The slots were such a hoot, especially the ones where you could get a juke box and pick your own songs for a bonus. You’d get video and trivia questions and music, and you’d be winning money at the same time. Wonderful.

ERICA

Saturday Night Live. I loved them. There were several with the original cast. I liked the one where the bonus was the Sense-0-Ring Toss games from the Coneheads. There were the images of Jane Curtin and Dan Aykroyd, and you’d rub their cones and toss the rings over them. I laughed every time.

CAM

You might not even remember this one. I only saw it in a few places. It was called Big Buck Hunter, and it came with a plastic rifle. In the bonus, you were basically in a shooting gallery.
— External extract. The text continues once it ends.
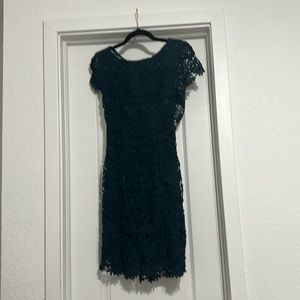 open back green mid thigh dress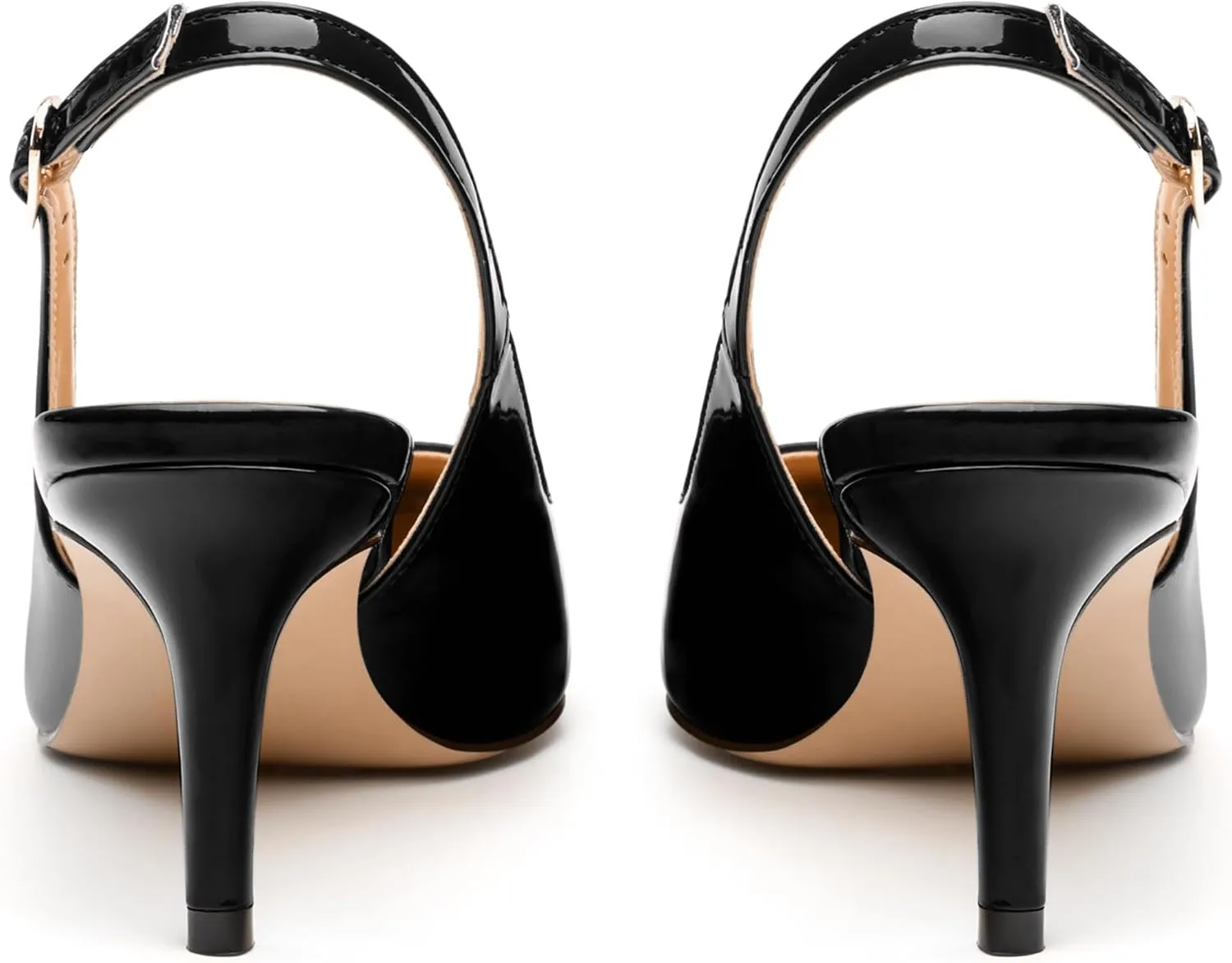Women's Slingback Pumps, Pointed Toe Buckle Mid Stiletto Heel, Fashion Solid Patent High Heel Shoes for Women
It was fun, and no real wildlife was harmed in the collection of your bonus.

PHYLLIS

For years and years, I’ve played Blazing 7s, and now in the last couple of years I don’t see it anymore. The reel players will know what I’m talking about. The jackpots weren’t huge, but you always felt like you could win them.

 

I don’t know how many times I won the three Blazing 7s. It has to be 20 or more, over a long time, of course. They were for $1,000, $1,100 – it was a progressive, but not such a big one that nobody won. I was always careful to play when the jackpot was under $1,200 so I wouldn’t have the tax form to sign when I won.

JACKSON

This one was here today, gone tomorrow, I think. I can’t find anybody else who remembers it. But I loved The Three Stooges slot. It was a three-reel slot, but there was some Stooges video when you got to a bonus, and it had the right pictures on the reel and the sound effects.

I think my wife got a little tired of hearing “Nyuk, nyuk, nyukl” from me for days after every time I played, but that really wasn’t that much. It was gone really fast.

CAROLYN

Yahtzee, the first time around when you used to be able to select dice to hold twice after the original roll, like in the regular dice game. There was some skill to that, and I loved it.

MARY

I still love the three reels and I’m grateful still be able to play Double Diamond — that’s my all-time favorite. I guess if there’s one I miss, it would be Doublejackpot. That was the game for me when I first started playing. There was no Double Diamond yet, but you could double your winnings if you got the Doubleiackpot symbols.

Others I miss are the ones where you had those bonuses on the little screen up top. You still played a three-reel game with Double Diamond or Red White and Blue, but on this other screen there would be 7s racing. If you got a blue 7 on the reels, it would advance the blue 7 in the race. It was a nice extra when one of the 7s won the race and you got the bonus.

VAL

I miss the Slotto games. Remember those? They were three-reel games and on top they had a blower with those numbered lottery-style balls. That’s where you’d win your bonuses, on the Slotto part.

Some of them were really clever. I remember one was Popcorn, with the machine made up like an old-time popcorn wagon and the Slotto balls in yellow to mimic buttery popcorn. It was all kind of gimmicky, but fun.

FRANCIS

Piggy Bankin’ — I loved that game. I guess it would pretty primitive now. It was three reels, and the bonus was just dots on a black screen.

There was nothing like it then. We didn’t have all these different bonuses. When you got the reel symbol to break the bank and the animation would have a hammer shatter the piggy on the screen to give you the coins inside, that was exciting.

Maybe nobody notices it now, but maybe it could be retro chic. Anyway, I miss it.

LOUISE

Is it too soon to say I miss The Hangover? l know that’s not that long ago, but I can’t find it anywhere anymore. I wish casinos would have a classic games area where you could go play all the old favorites. I know I’d play.